Eski Yunan’da da ölçülülük ve erdem kavramları öne çıkıyor.  Örneğin Miletli Thales, “ölçülü ol, kötü yoldan zengin olma, ana-babana ne etmişsen çocuklarından onu bekle, kendini dizginleyememek kadar kötü şey yoktur” diyor (akt. Hançerlioğlu, 1976: 63-64).  Aristo (MÖ 384-322) ve Eflatun (MÖ 428-347) da, erdemli ve bilgili insan yetiştirilmesini öneriyor. 

Ortaçağda ise, var olan ahlaki değerlere semavi dinlerin getirdiği dini ahlak değerleri ekleniyor. Örneğin Müslümanlıkta ahlak daha çok helal-haram anlayışıyla ilişkilendiriliyor.

Feodal toplumdan sanayi toplumuna geçiş sürecinde de, toplumların gelişmişlik düzeyine ve üretim ilişkilerine bağlı olarak toplumsal ahlak anlayışında da değişiklikler oluyor. Örneğin dinlerde ve feodal toplumlarda olağan karşılanan cariyelik ve kölelik, sanayi toplumunda yasaklanıyor. Feodal toplumlarda dini ahlakla bağdaşmayan eşcinsellik, bilgi toplumlarında bir ahlak sorunu olmuyor, eşcinsellerin resmen evlenmelerine izin veriliyor. Bir başka deyişle ahlak anlayışı, bireysel özgürlüklerle, halk egemenliğiyle, laiklikle, hukuksallıkla, insan-hayvan çocuk haklarıyla birebir ilişkili olarak çağdaşlaşıyor. Tarihsel süreçte bilimsel ahlak, siyasal ahlak, …  gibi yeni ahlak anlayışları da güncel yaşamın önemli bir parçası oluyor.   
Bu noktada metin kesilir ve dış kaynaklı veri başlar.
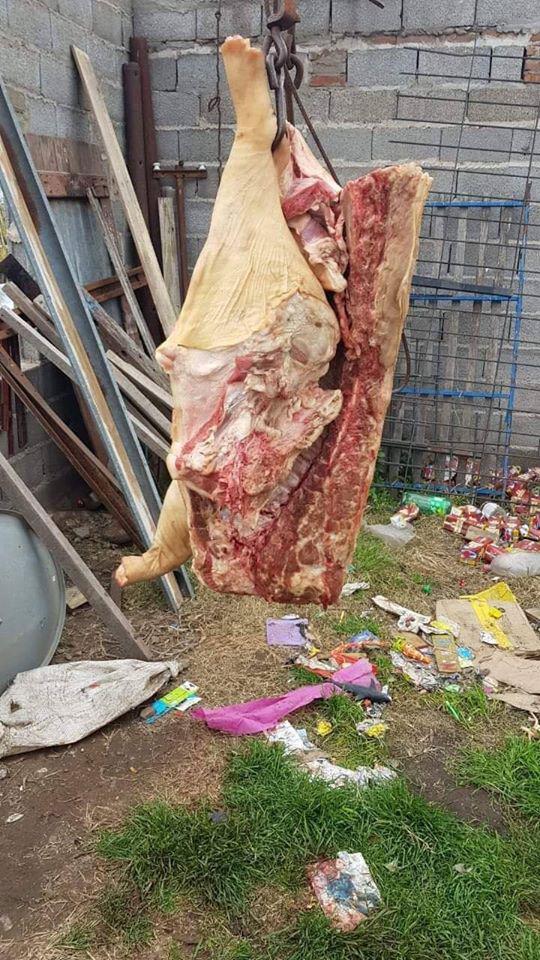 107826572_3952444011496741_6718210543464739216_o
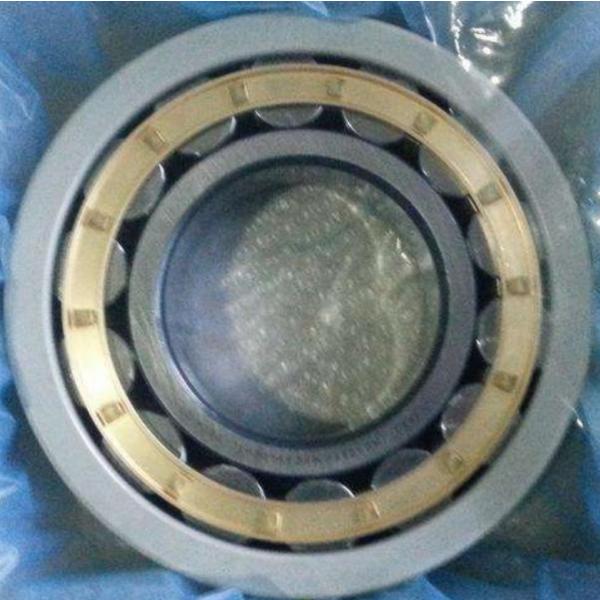 FAG Ceramic Coating NU314-E-M1-F1-J20B-C4 Insulation Hybrid Bearings #3 image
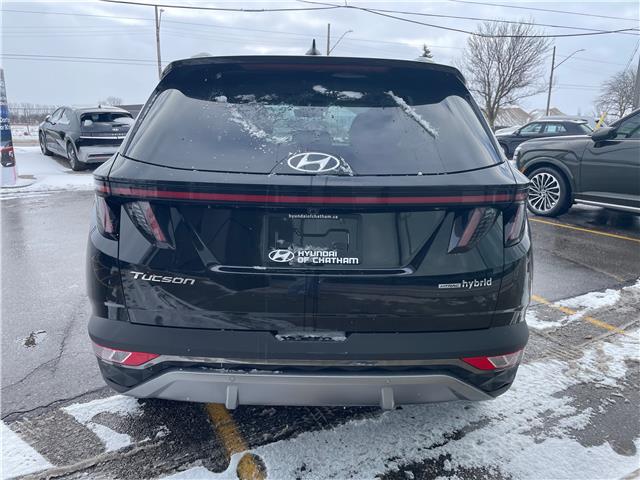 2024 Hyundai Tucson Hybrid Luxury (Stk: 5B054A) in Chatham - Image 4 of 30
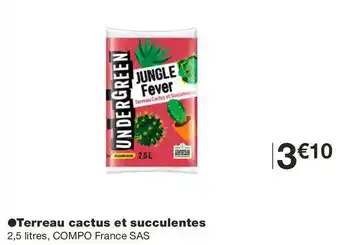 Monoprix Terreau cactus et succulentes offre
Çağdaş toplumlarda, genelde, 

  • Bilimsel çalışmasında intihal (bir başkasının çalışmasından aşırma) yaptığı ortaya çıkan kişi, bürokrat da olsa, bakan da olsa, cumhurbaşkanı da olsa, anında görevinden istifa ediyor.
  • Kendi bakanlığında toplumsal bir sorun ortaya çıktığında, örneğin herhangi bir konuda yalan söylediğinde, Çorlu tren kazası gibi olay yaşandığında, Ankara Gar katliamı gibi bir vahşet yaşandığında, yürekleri sızlatan bir yanlışlık yapıldığında, … ilgili bakan anında istifa ediyor.  
  • Siyasetçiler, rakipleri için ölçülü dil kullanıyor. 
  • Bir partiden meclise giren kişi istifa ettiğinde, geçmişte atıp tuttuğu bir partiye geçmesi hoş karşılanmıyor.  

Ahlak konusunda günümüzde yaşanan temel sorun, eğitim sistemlerinden kaynaklanıyor. Eğitim-öğretim süreçleri, kişinin gerçekleri öğrenmesini, kendi egemenliğinin ayrımına varmasını ve özgürleşip olgunlaşmasını hedeflemediğinde, feodal anlayışlardan kurtulmak kolay olmuyor. Bu tür süreçlerden geçen kişi, bir şekilde kendini özgürleştirip olgunlaştırma fırsatı bulamamışsa, başkalarının özgürlüğünü, insan haklarını, toplumsal cinsiyet eşitliğini benimsemesi zorlaşıyor. Bir güce bağımlı hale gelmesi ve örneğin şeyhinin her dediğine inanması ya da eline fırsat geçtiğinde, doğayı, çocuğu, kadını, insanın emeğini ve aklını sömürmesi kolaylaşıyor. 

Bireyi özgürleştirecek eğitim-öğretim süreçlerine işlerlik kazandırılmadıkça, feodal anlayışlardan kurtulup çağdaş değerleri benimsemenin mümkün olamayacağını görmek gerekiyor.   

[email protected]

Kaynakça

 

Binbaşıoğlu, C. (1982). Eğitim düşüncesi tarihi. Ankara: Binbaşıoğlu Yayınevi.

Hançerlioğlu, O. (1976). Başlangıçtan bugüne kadar erdem açısından düşünce tarihi. İstanbul: Varlık Yayınları.

Yücel, H. A. (1998). İyi vatandaş, iyi insan (ilk basım 1956). İstanbul: Milli Eğitim Basımevi.